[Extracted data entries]
►

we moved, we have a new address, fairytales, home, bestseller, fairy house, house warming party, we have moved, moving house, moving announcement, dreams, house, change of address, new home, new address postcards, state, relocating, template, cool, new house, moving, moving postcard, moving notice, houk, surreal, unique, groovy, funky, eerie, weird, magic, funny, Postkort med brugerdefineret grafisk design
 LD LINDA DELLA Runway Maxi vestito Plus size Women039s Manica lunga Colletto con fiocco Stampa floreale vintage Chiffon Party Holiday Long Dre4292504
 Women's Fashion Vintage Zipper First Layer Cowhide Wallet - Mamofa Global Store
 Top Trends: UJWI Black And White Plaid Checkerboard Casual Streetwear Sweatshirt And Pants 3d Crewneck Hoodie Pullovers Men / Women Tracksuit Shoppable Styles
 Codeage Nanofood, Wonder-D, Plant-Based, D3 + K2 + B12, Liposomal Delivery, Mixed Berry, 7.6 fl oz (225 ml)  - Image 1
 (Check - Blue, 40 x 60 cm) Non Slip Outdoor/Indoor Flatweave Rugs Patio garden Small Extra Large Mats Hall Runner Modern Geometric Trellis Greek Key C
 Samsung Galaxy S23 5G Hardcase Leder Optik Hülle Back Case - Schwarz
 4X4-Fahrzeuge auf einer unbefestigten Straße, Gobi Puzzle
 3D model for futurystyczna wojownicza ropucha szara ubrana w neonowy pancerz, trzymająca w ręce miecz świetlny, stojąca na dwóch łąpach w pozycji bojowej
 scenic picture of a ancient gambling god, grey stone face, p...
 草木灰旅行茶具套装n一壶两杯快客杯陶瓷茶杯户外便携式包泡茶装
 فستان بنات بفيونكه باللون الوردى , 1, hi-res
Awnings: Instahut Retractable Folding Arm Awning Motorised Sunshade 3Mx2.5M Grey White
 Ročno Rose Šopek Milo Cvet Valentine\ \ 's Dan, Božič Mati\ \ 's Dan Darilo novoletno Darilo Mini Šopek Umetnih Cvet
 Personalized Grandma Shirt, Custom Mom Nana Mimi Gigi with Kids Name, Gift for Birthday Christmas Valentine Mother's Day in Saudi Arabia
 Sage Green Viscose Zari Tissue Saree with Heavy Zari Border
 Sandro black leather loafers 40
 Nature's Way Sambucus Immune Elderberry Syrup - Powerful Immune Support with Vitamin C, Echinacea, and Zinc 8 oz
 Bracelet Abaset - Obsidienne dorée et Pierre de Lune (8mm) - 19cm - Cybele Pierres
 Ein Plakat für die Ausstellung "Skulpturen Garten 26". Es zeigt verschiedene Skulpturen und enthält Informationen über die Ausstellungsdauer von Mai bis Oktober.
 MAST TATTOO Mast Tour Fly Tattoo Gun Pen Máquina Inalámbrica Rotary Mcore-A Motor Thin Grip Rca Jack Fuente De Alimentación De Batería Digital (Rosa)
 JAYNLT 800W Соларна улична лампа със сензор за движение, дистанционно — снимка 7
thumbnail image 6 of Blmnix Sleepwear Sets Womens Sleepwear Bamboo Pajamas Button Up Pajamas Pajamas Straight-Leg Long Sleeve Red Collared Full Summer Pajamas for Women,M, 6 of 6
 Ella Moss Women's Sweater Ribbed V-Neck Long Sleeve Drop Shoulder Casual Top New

◄

**What the task requires**. Go through the data above from its first line and copy each line exactly, stopping once the line with "Top Trends: UJWI" has been copied.

**Result of the task**.
we moved, we have a new address, fairytales, home, bestseller, fairy house, house warming party, we have moved, moving house, moving announcement, dreams, house, change of address, new home, new address postcards, state, relocating, template, cool, new house, moving, moving postcard, moving notice, houk, surreal, unique, groovy, funky, eerie, weird, magic, funny, Postkort med brugerdefineret grafisk design
 LD LINDA DELLA Runway Maxi vestito Plus size Women039s Manica lunga Colletto con fiocco Stampa floreale vintage Chiffon Party Holiday Long Dre4292504
 Women's Fashion Vintage Zipper First Layer Cowhide Wallet - Mamofa Global Store
 Top Trends: UJWI Black And White Plaid Checkerboard Casual Streetwear Sweatshirt And Pants 3d Crewneck Hoodie Pullovers Men / Women Tracksuit Shoppable Styles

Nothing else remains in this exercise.